Güneşle Soğutma

Geleneksel soğutma sistemleri, genellikle elektrikle çalışıyor. Bunun pek çok dezavantajı var: primer enerji tüketimini artırıyor, bu ise çok yüksek bir maliyet getiriyor. Ayrıca bu sistemlerin çoğu, çevreye zararlı etkileri bulunan soğutucu akışkanlar kullanıyor. Bu dezavantajlara karşı neler yapılıyor? Enerji verimliliği düşük olmayan yeni soğutucu akışkanlar üzerinde çalışılıyor ve alternatif enerji kullanan sistemler geliştiriliyor.
Bu süreçte devreye güneş enerjisi giriyor. Güneş, artık yapıların hem ısıtılmasında hem de soğutulmasında kullanılıyor. Soğutma ihtiyacının en yüksek olduğunda, güneş de en etkin olduğu döneminde. Yani soğutma ihtiyacını karşılayacak en iyi performansı gösterebilir. Üstelik güneş enerjisiyle soğutma sistemleri su, tuzlu su veya benzeri zararsız akışkanlarla çalışır, bu yönüyle de çevre dostudur. Soğutulmuş su kullanan sistemlerde primer enerjiden % 40-60 arasında, muazzam bir tasarruf söz konusudur.
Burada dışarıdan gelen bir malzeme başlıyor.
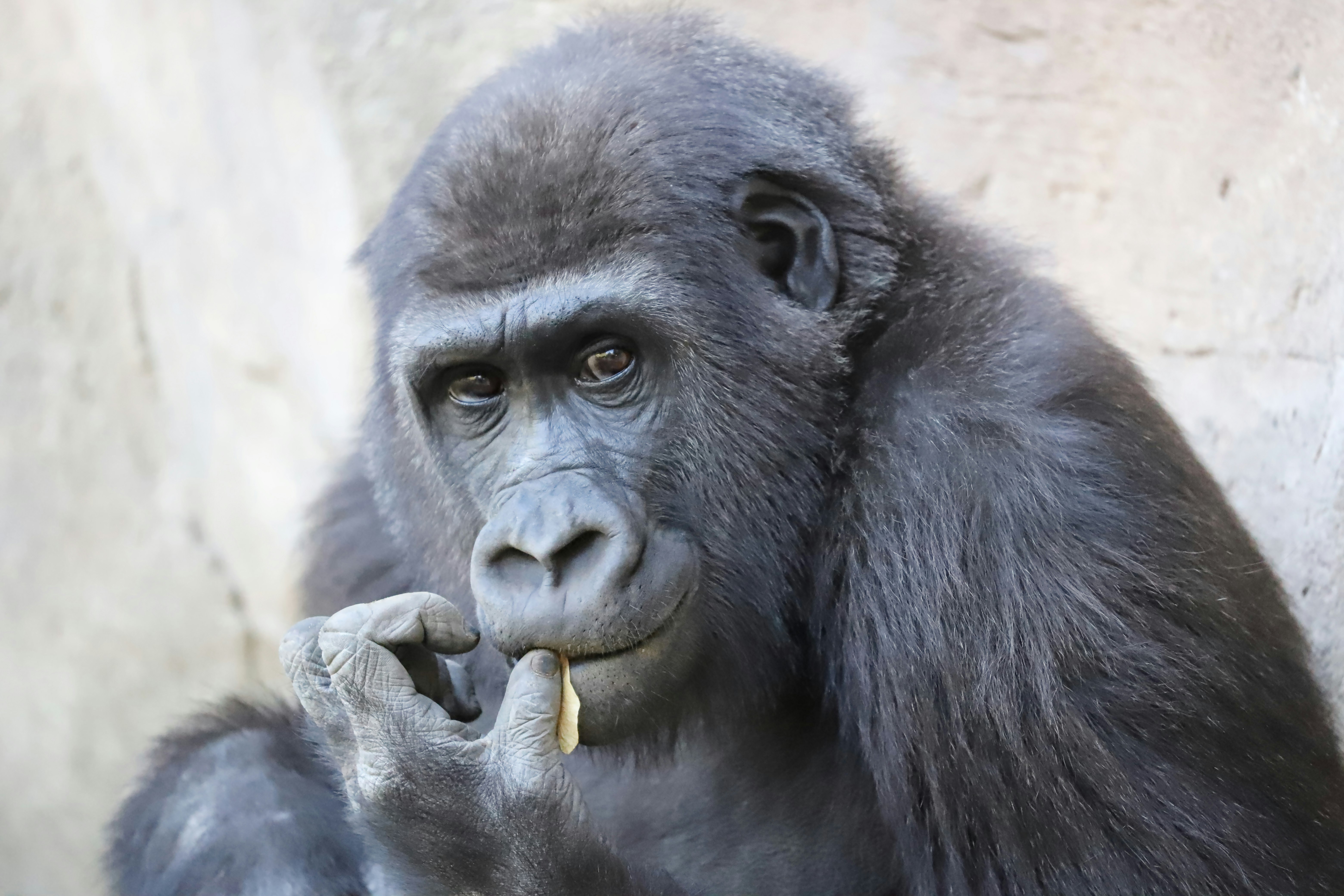 black gorilla holding brown stick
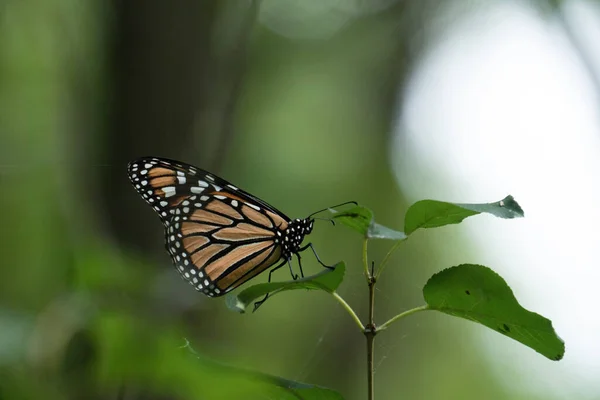 在绿叶上的美丽花纹蝴蝶的选择性聚焦镜头 — 图库照片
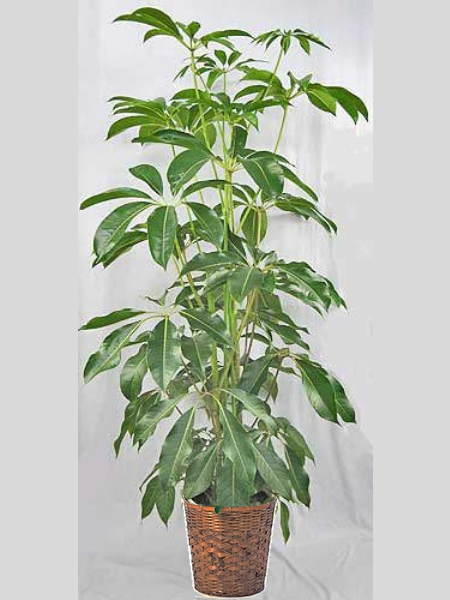 観葉植物　ツピダンサス　10号　バスケット付き ♪送料無料(個人宅除く)♪カリプトラタス　インドヤツデの画像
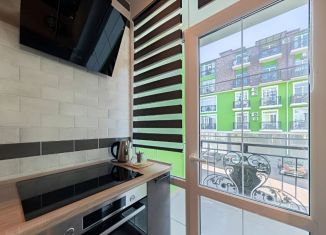 Продажа однокомнатной квартиры, 38 м2, посёлок городского типа Сириус, Таврическая улица, 7к4, ЖК Арт Лайт Сити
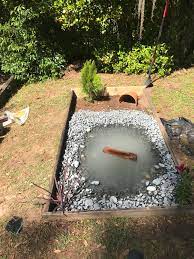 Check spelling or type a new query. Turtle Pond Ponds
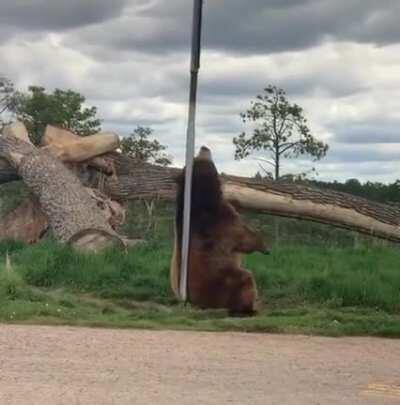 Bear naked dancing on a pole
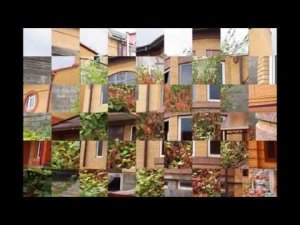 Продажа. Вишневый сад. Абрикосовый переулок. Владикавказ.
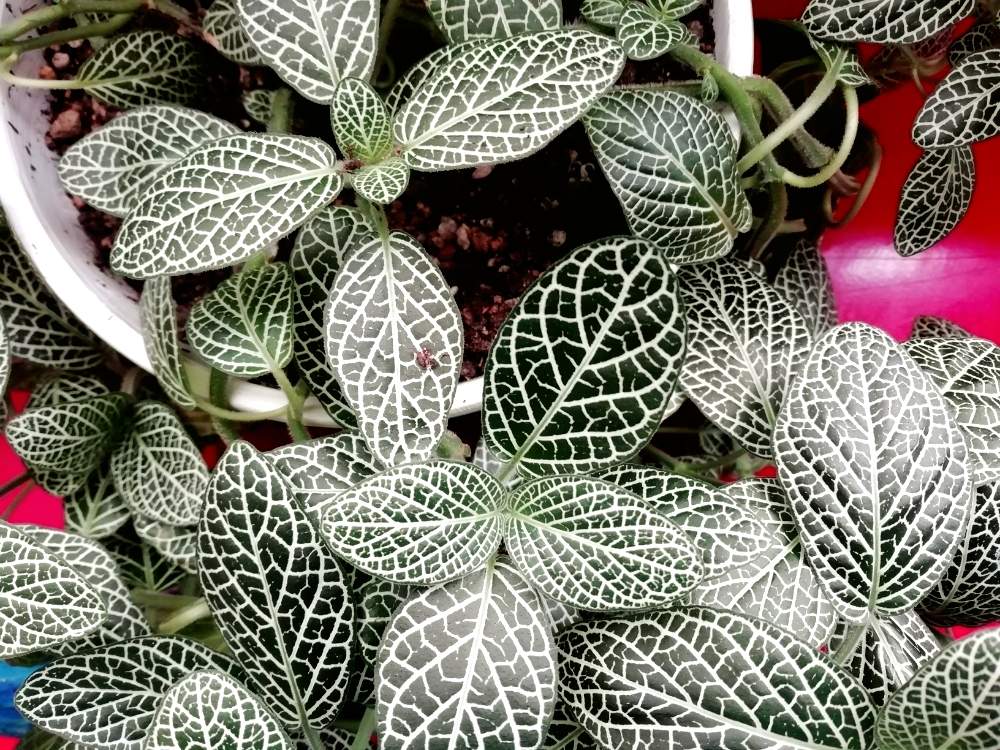 窓辺の画像 by mikity.comさん | 窓辺と観葉植物と休日とワクワクと癒しと窓際緑化とno green no lifeと植中毒と フィットニアとたまらん♡と増えてますとジャングル化計画と観葉植物がスキ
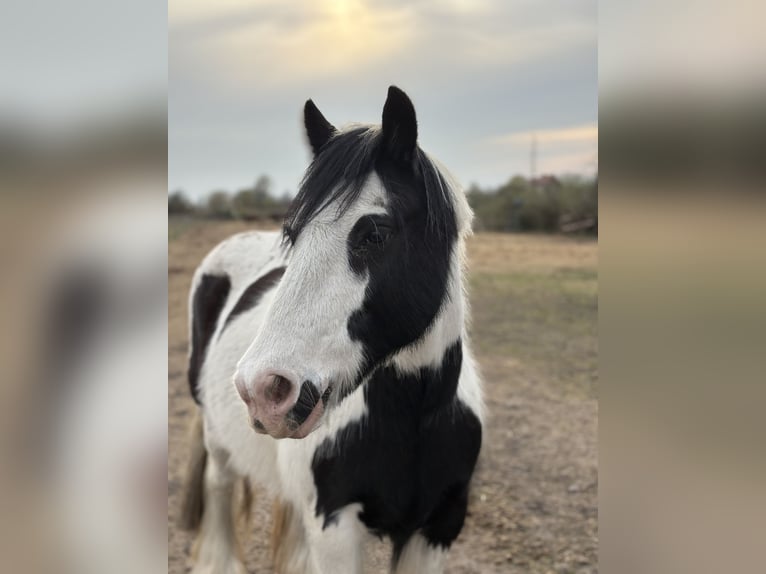 Gypsy Horse Gelding 12 years 13,1 hh Pinto in Oberkr&#xE4;mer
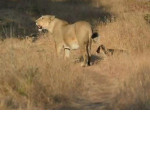 Львица приютила осиротевшего детёныша леопарда в индийском заповеднике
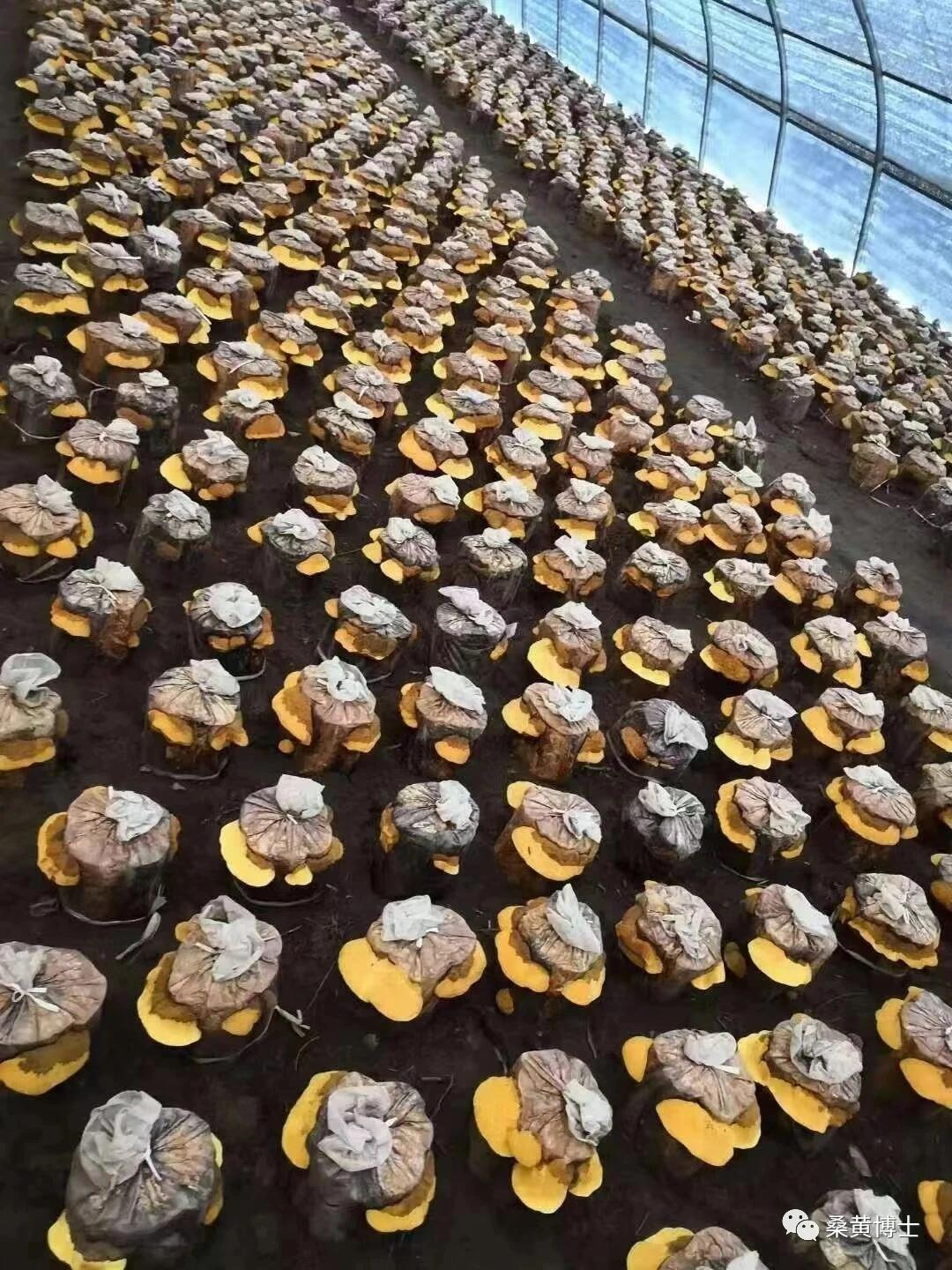 市场上很多桑黄都是假的,我吃对了,你呢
Bu, elektrik şebekesindeki -özellikle çok sıcak günlerdeki- büyük yükü de azaltır. Güneş enerjili ısıtma ve soğutma sistemini atık ısıyı değerlendirebilecek bir sistemle entegre edebilirsek olabildiğince çevre dostu ve ekonomik bir yapı kurmuş oluruz.
Her ne kadar güneş enerjisiyle soğutmanın büyük bir potansiyeli varsa da şimdilik yüksek yatırım maliyetleri önemli bir engel teşkil ediyor. Geleneksel soğutma sistemleri ile karşılaştıracak olursak, ilk yatırımda aşağı yukarı 2-2.5 kat daha yüksek, ayrıca güneş enerjisi ile soğutma sistemlerinin yıllık işletim giderleri de hala geleneksel sistemlere kıyasla 1.2-1.5 kat daha fazla. fiimdiye kadar, güneş enerjili büyük hacimli soğutma sistemleri başarıyla çalıştı; ancak, evsel kullanımlı küçük sistemler hala geliştirilme sürecinde. Hali hazırda Avrupa’da işletmede bulunan 120 büyük hacimli sistem var.
Güneş enerjisi ile soğutmanın sahip olduğu büyük potansiyelin hayata geçirilmesi için sadece maliyetlerinin kabul edilebilir seviyelere inebilmesi bekleniyor.